[R] Concept Influence: Training Data Attribution via Interpretability (Same performance and 20× faster than influence functions)
New technique attributes LLM behavior to semantic concepts instead of individual examples, slashing computation time.
Far AI researchers have introduced Concept Influence, a breakthrough method for training data attribution (TDA) that dramatically improves both speed and interpretability. The technique addresses two major limitations of traditional influence functions: their bias toward lexical overlap rather than semantic similarity, and their computational expense at large language model (LLM) scale.
Instead of attributing model outputs to individual training examples (∇θL(ztest)), Concept Influence attributes behavior to semantic directions represented by interpretable vectors like probes or sparse autoencoder (SAE) features (∇θf_v^ℓ(xtest)). This fundamental shift moves from asking "which data matches this output?" to "which data causes this behavior?" The results are striking: Concept Influence achieves 20× faster computation while maintaining accuracy, and simple probe methods work surprisingly well as first-order approximations.
In practical applications, the method proved exceptionally effective for AI safety. When applied to the OASST1 dataset, researchers could identify and remove just 5% of problematic training data, reducing harmful outputs by 3× while preserving full model capability. SAE clustering revealed semantic features driving behaviors with 2000× higher influence on relevant concepts. The approach also outperformed traditional influence functions across all datasets in detecting emergent misalignment.
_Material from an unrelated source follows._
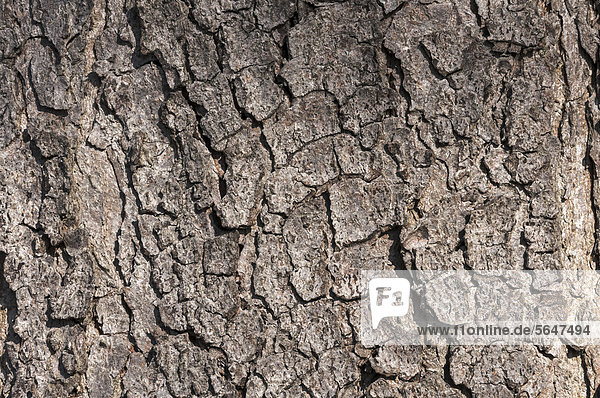 Rinde einer gewöhnlichen Rosskastanie (Aesculus hippocastanum)  Detail  Naturschutzgebiet Mönchbruch bei Frankfurt  Hessen  Deutschland  Europa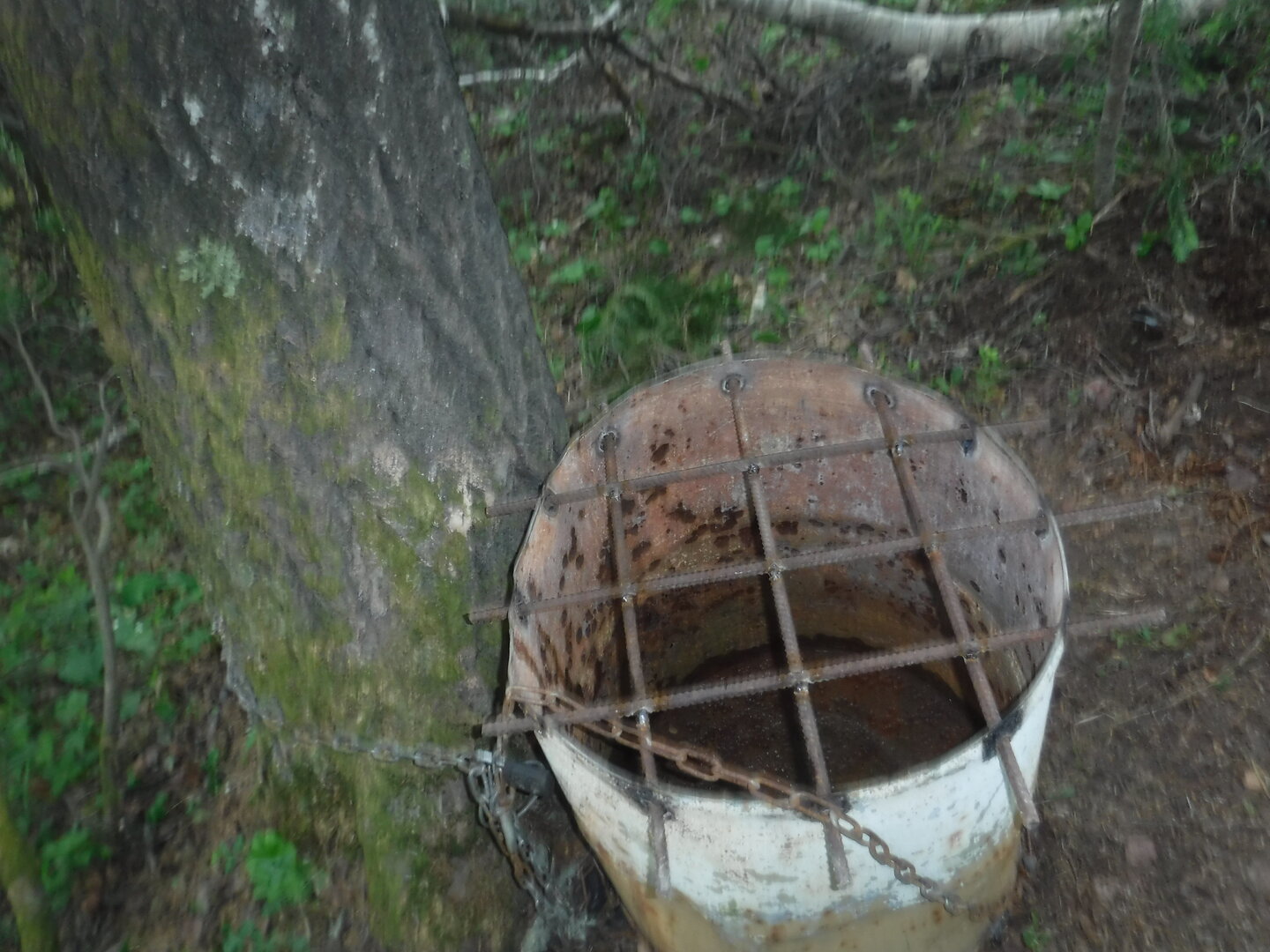DSCF3354.JPG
This advancement enables more efficient model auditing, targeted dataset curation, and improved safety interventions. By making TDA both faster and more semantically meaningful, Concept Influence provides a practical tool for understanding and controlling what training data drives specific LLM behaviors.
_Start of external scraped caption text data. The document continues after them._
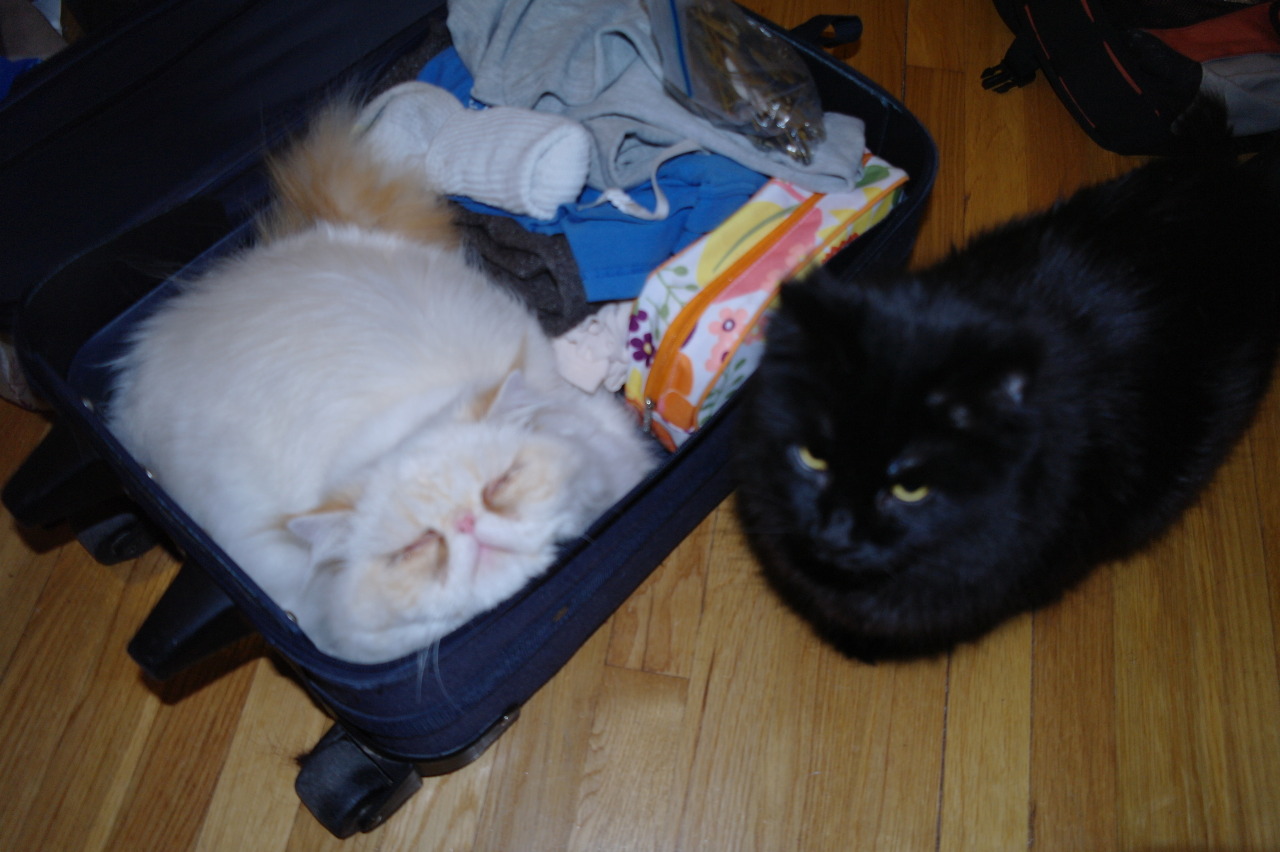 lucifurfluffypants:  Pandora is unimpressed.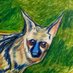 Susan Daigle-Leach (@colorfauna) Twitter profile photo Susan Daigle-Leach (@colorfauna) Twitter profile photo
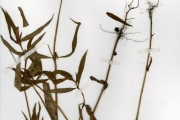 <strong>Rubiaceae - Spermacoce - Spermacoce stachydea DC.</strong><br />© hnb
- 20× faster computation than traditional influence functions while maintaining attribution accuracy
- Reduced harmful outputs by 3× using only 5% of OASST1 data while preserving model capabilities
- SAE clustering revealed semantic features with 2000× higher influence on relevant concepts
Why It Matters
Enables efficient auditing of training data for safety and alignment, making LLM behavior more transparent and controllable.